EXERCISE AIM — Leave out any picture and return the remaining listing below exactly as given.

AVAILABLE DATA —
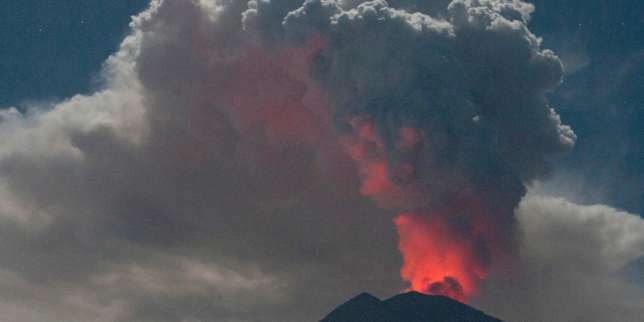 Eruption volcanique à Bali : l’aéroport international rouvre après une brève fermeture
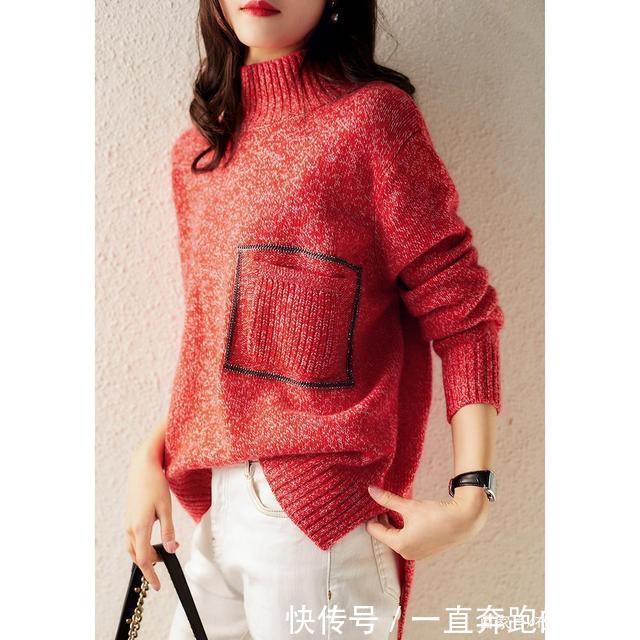 慵懒毛衣+休闲裤,今年特流行的穿搭,上班通勤都贼气质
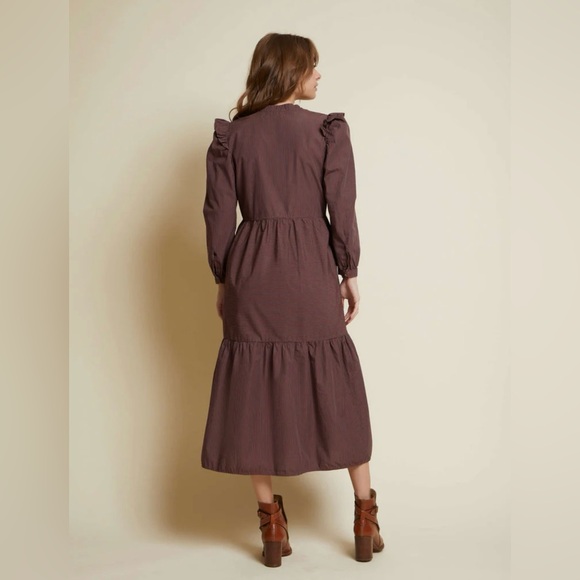 Dalia Victorian Dress With its ruffled shoulder detail - Picture 2 of 4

ANSWER —
 Eruption volcanique à Bali : l’aéroport international rouvre après une brève fermeture
 慵懒毛衣+休闲裤,今年特流行的穿搭,上班通勤都贼气质
 Dalia Victorian Dress With its ruffled shoulder detail - Picture 2 of 4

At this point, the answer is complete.